Choose a perfume based on how it smells, not on the beauty of its bottle… and certainly not on the hyperbole of its description! The story alone isn’t enough to sell the scent (with a few exceptions, perhaps).
But a scent without a story is missing something, isn’t it? One way or another, it’s going to have one. We could make up our own as we wear it, using our imaginations. Or we could retrofit what we feel as we smell it into the scenes conjured by the creative directors, hoping they deliver on their promises.
So that we can live the story through the scent that was supposedly inspired by the story. Bottling up a zeitgeist is one way to transcend time and sell it back to people.
In this way, the scent could be a vehicle to transport us to another place in our minds—or a vehicle to bring that other place to us.
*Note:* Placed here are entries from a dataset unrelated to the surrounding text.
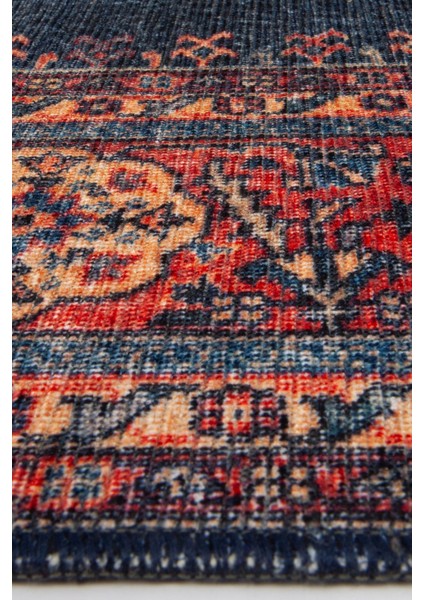 Norm Halı Allure 50-030 Lacivert Eskitme Halı Etnik Otantik Dokuma Şönil Yıkanabilir Salon Halısı modelleri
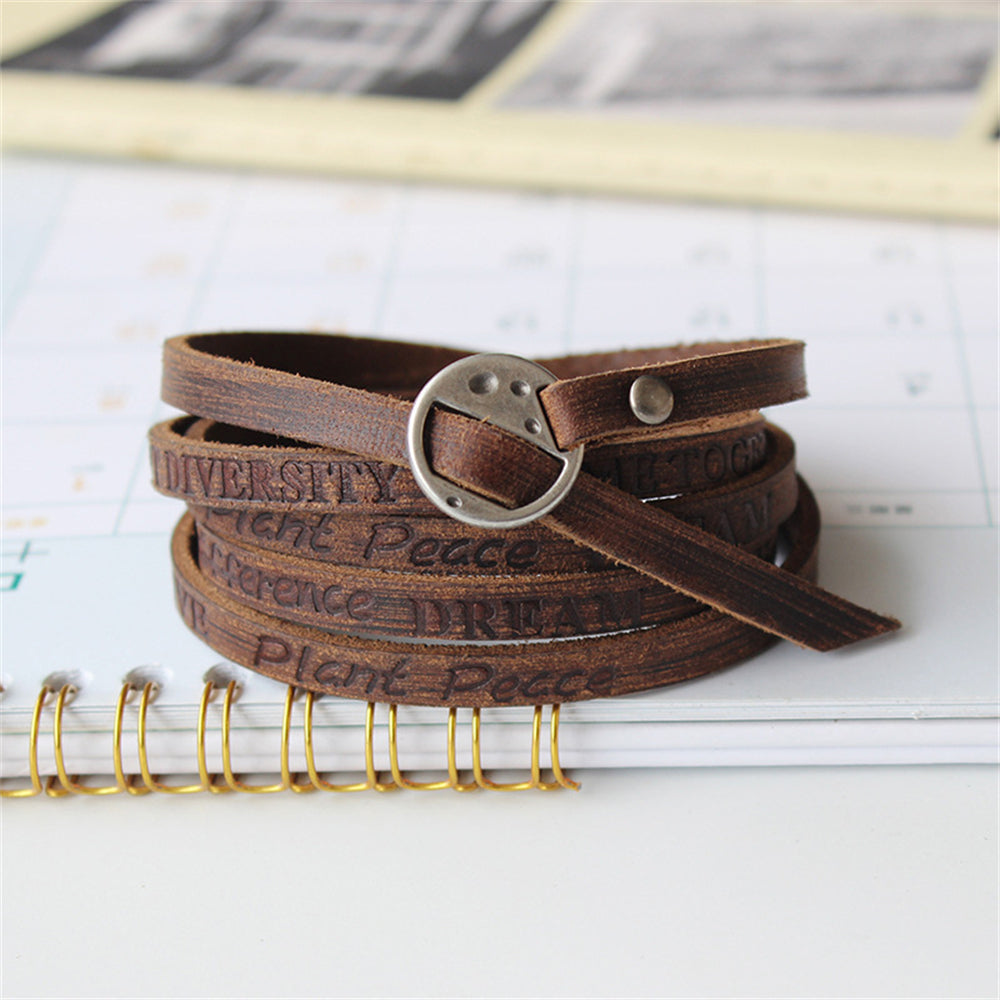 Engraved Messages Leather Wrap Bracelet 2832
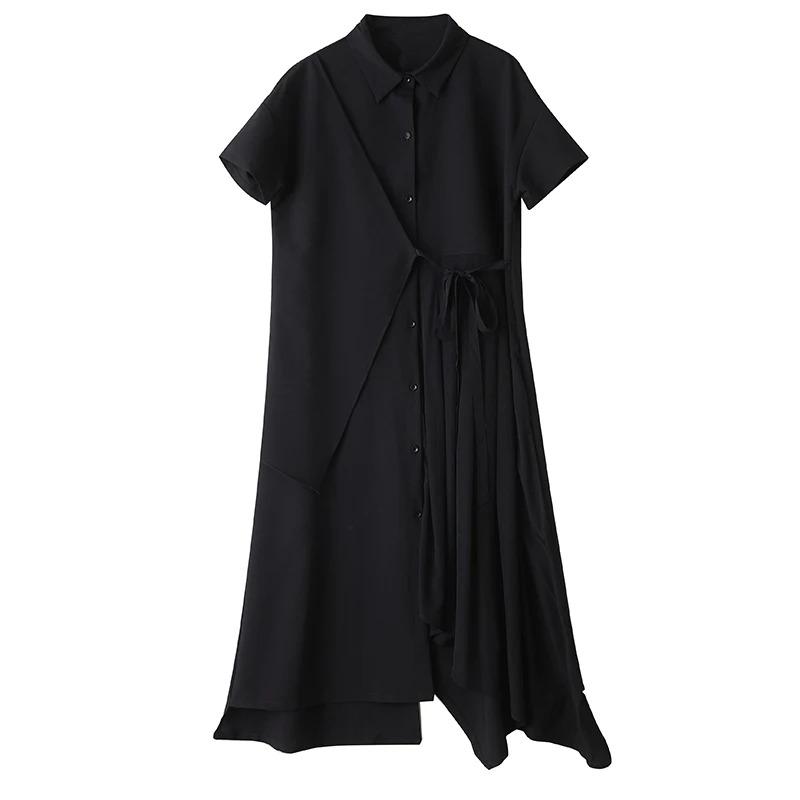 

Xitao Неравномерное однотонное плиссированное платье ZY8943 One Size чёрный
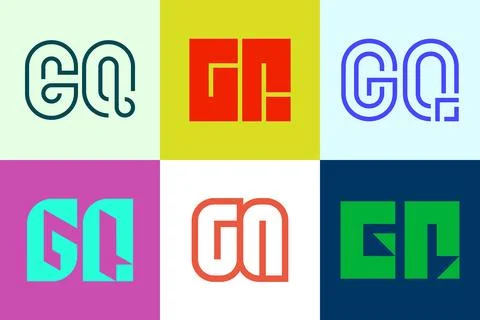 Set of letter GQ logos Stock Illustration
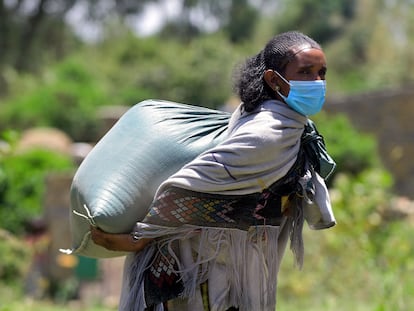 Agricultura en la región de Tigray (Etiopía) carga semillas provistas por la FAO para cultivar.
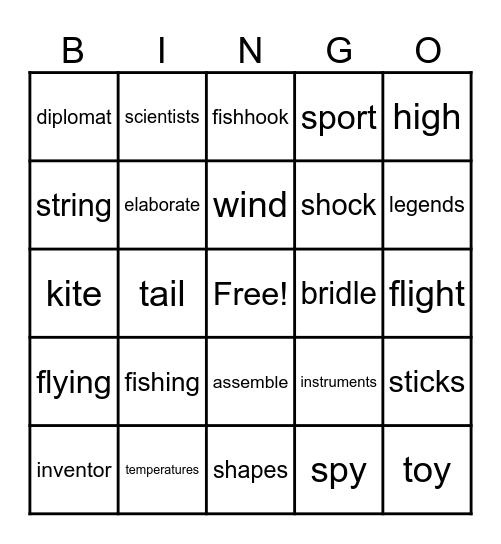 All About Kites Bingo Card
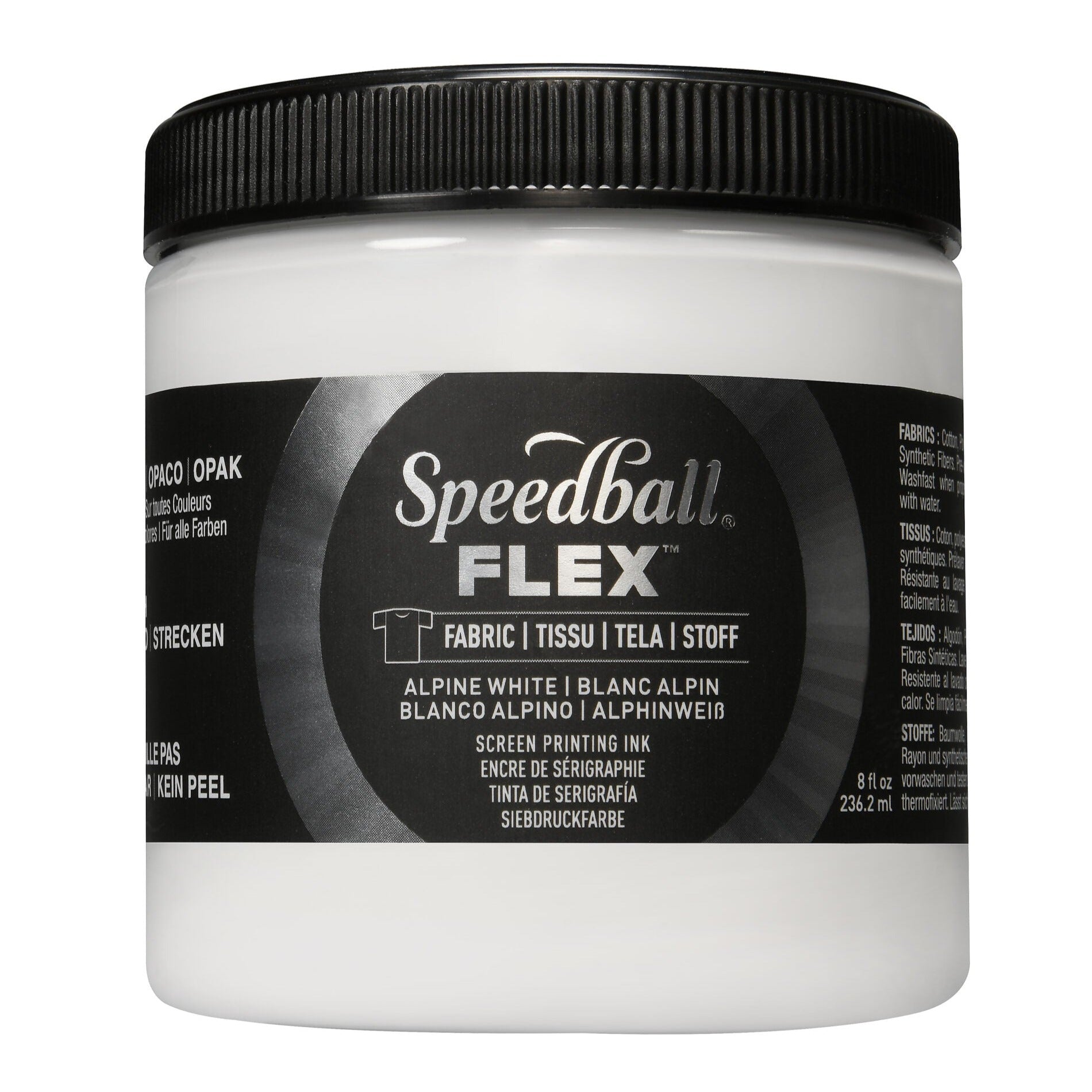 A jar of Speedball Flex Fabric Screen Printing Ink in a white colour on a white background.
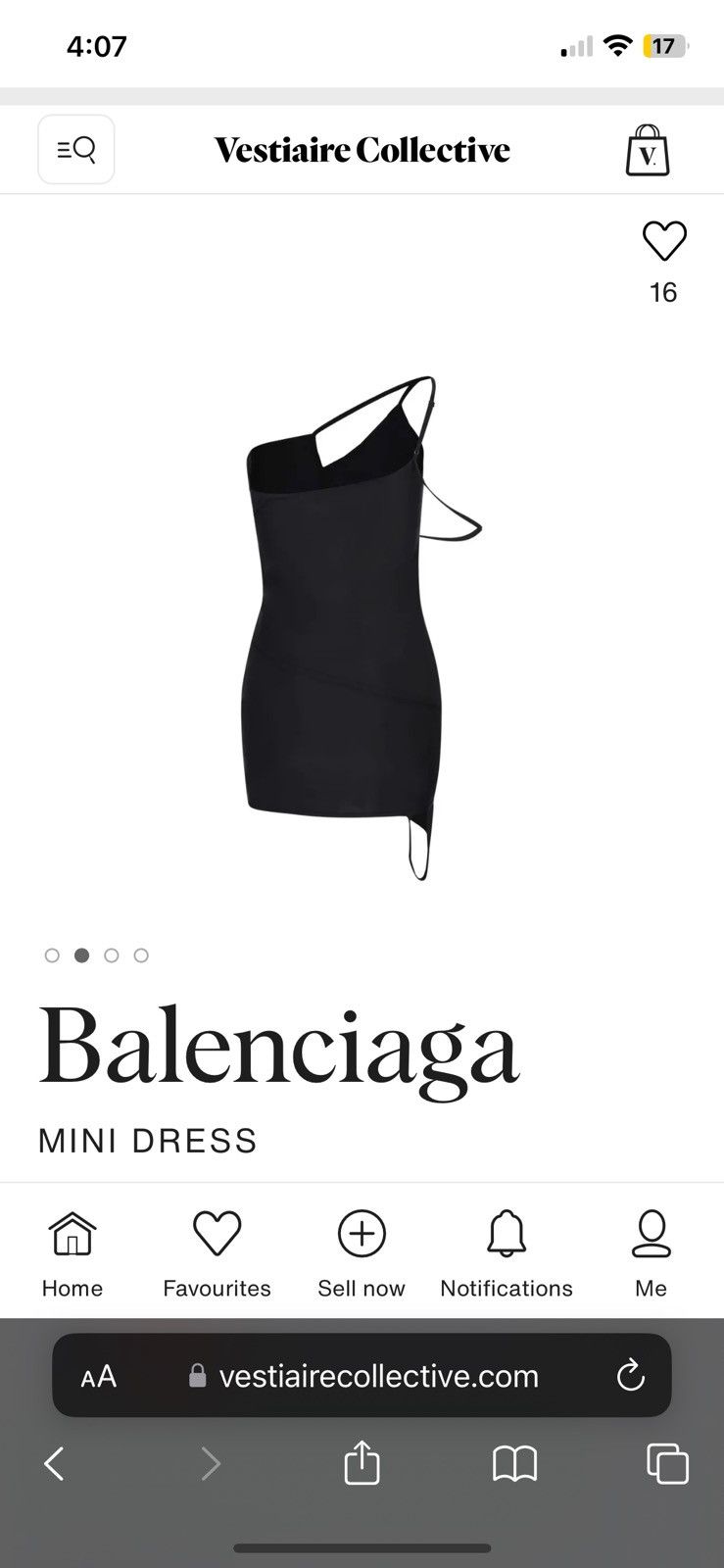 Balenciaga Balenciaga One Shoulder Asymmetric Stretch Mini Dress Size XS / US 0-2 / IT 36-38 - 2 Thumbnail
Which means the same perfume could carry any number of different stories, depending on who got paid to write it.
My sample of Ten Fifteen by Room 1015 channels “a trashed hotel room, an outlet for opiated passion,” with colorful players including mandarin, sandalwood, saffron, violets, iris powder, and papyrus. I could not detect most of these ingredients over the potent, “dry” sandalwood that makes it smell exactly like my memory of my sample of Santal Carmin by Atelier Cologne. Granted, the latter also has saffron… and sets its tone with more aspirational abstractions: “a sharp intuition and limitless curiosity […] The moment had come to fight for his dreams and bring his ideas to the world. Possibly a new era would begin.”
Now we know. Perfume is a choose-your-own-adventure story… and you can choose what your adventure smells like, too.